On a parfois besoin de ce genre de film. Des films qui n’ont pas besoin d’action, ni même d’une histoire bien construite. Des films qui vont vous transporter avec simplicité, sans avoir à vous raconter un scénario complexe. Des films qui, quand vous les regardez, vous réduisent à l’état de pure joie orgasmique. Des films qui vous font rire, pleurer, ressentir et réfléchir. Des films qui vous changent après que vous les ayez vus. Et ces films méritent mon plus grand respect… pas parce qu’ils sont parfaits en tous points, mais à cause de la beauté et de la magie qu’ils ont apporté à ma vie. « Garden State » est l’un de ces films.


Zach Braff nous propose une histoire avec tant de lumière et de vie que je suis en admiration. Il est rare de voir un scénariste avec autant de passion et de dignité pour ses personnages, qui sont chacun traités avec respect.

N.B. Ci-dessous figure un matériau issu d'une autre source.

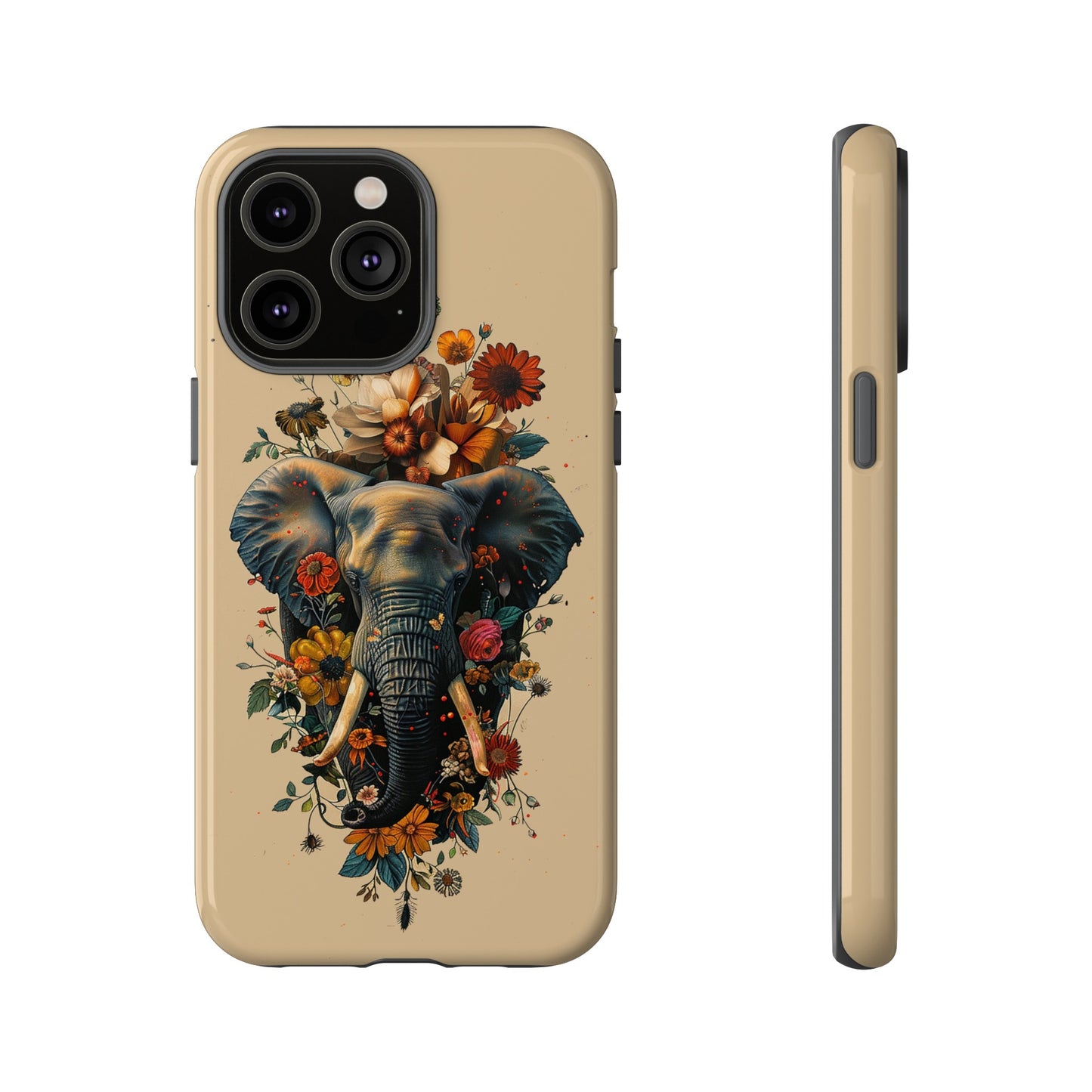 Elephant Flowers Tough Phone Case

Ecrit et réalisé par Zach Braff, « Garden State » suit Andrew Largeman, un acteur de 26 ans qui vit à Los Angeles et qui prend tellement de médicaments qu’il ne ressent plus rien. Il reçoit un matin un appel de son père qui lui apprend que sa mère vient de mourir. Il retourne alors dans sa ville natale, y retrouve son meilleur ami Mark. Mais c’est sa rencontre avec Samantha qui va le remettre en question.

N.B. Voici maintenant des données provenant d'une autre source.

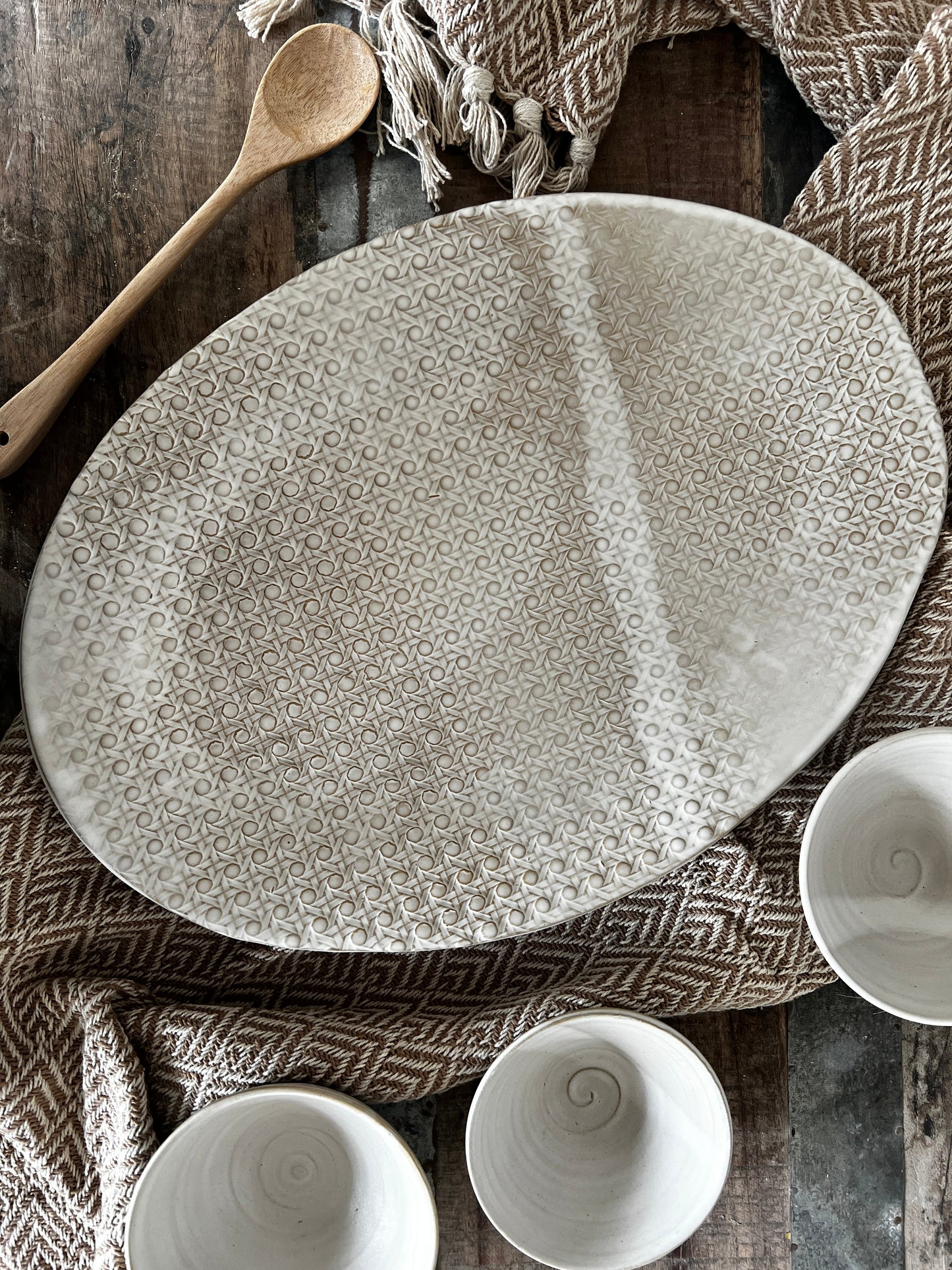 Sandalwood Caned Statement Platter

Chaque moment de ce film, chaque mouvement, geste, chaque mot, a un but. Combien de fois avez-vous atteint la fin d’un film et soudain ressenti une explosion d’émotions ? C’est précisément ce que j’ai ressenti à la fin de Garden State. Ce film est sorti en 2004, mais à chaque fois que je le regarde, je fini en larmes. Et les performances des acteurs sont rafraichissantes. Zach Braff n’essaye pas de nous survendre le drama qui entoure le vie de son personnage. Après tout, il ne ressent rien, alors le spectateur n’a pas besoin non plus de ressentir que son passé est merdique. A la place, il lui fait vivre un quotidien simple, fait de rencontres. Même la confrontation avec son père, qu’il évite depuis 9 ans, s’avère au final légère. Et ça nous suffit.

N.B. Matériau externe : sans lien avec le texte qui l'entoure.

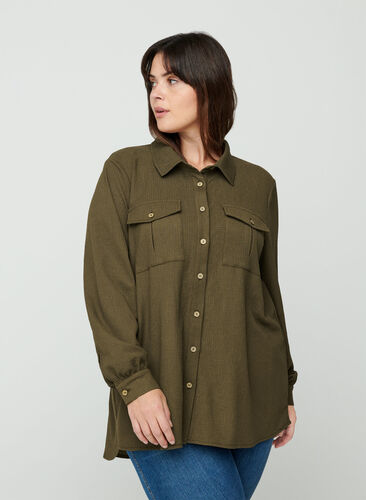 Gestructureerde blouse met borstzakken, Dark Green ASS, Model image number 0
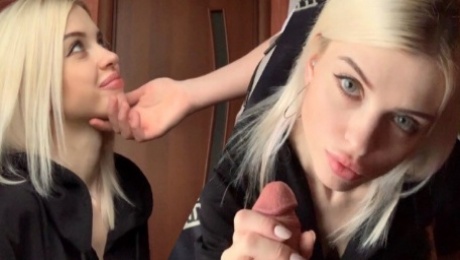 POV Blowjob from teen blonde, sperm face, swallow cum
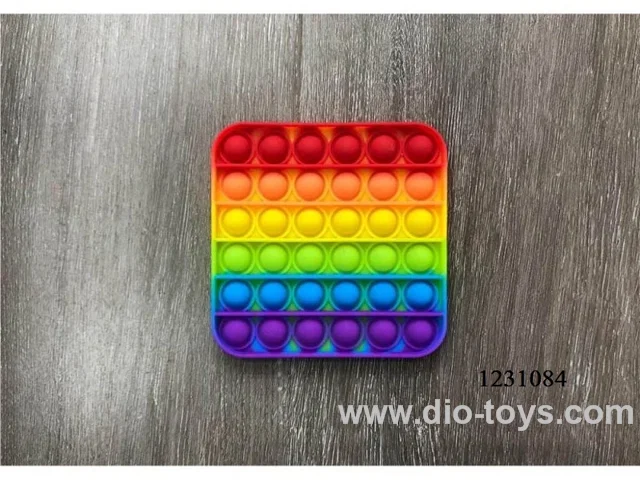 Small size Pop Sensory Toy Rainbow Square Popper Silicone Fidget  in opp bag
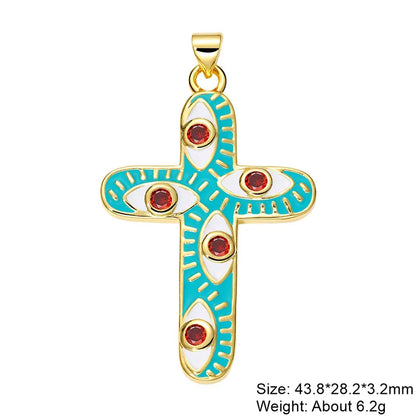 Exaggerated Simple Style Cross Copper Plating Inlay Pearl Zircon Gold Plated Charms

Et Natalie Portman nous livre une performance incroyable dans ce film. Une performance pleine d’innocence et de simplicité mêlée à une passion pour la vie. Elle communique avec son regard, son visage, ses mots et son langage corporel d’un manière magnifique. On peut ne pas aimer l’actrice, mais impossible de dire qu’ici elle joue mal, elle est totalement authentique. Et pour les rôles secondaires, le casting est tout aussi bon. Ian Holm, bien que peu présent, est charismatique en père d’Andrew, et nous offre un personnage à la fois compliqué à comprendre, impossible à aimer, mais en même temps impossible à détester. La dernière scène entre Andrew et son père est à la fois simple, et la plus belle scène père/fils que j’ai vu dans un film.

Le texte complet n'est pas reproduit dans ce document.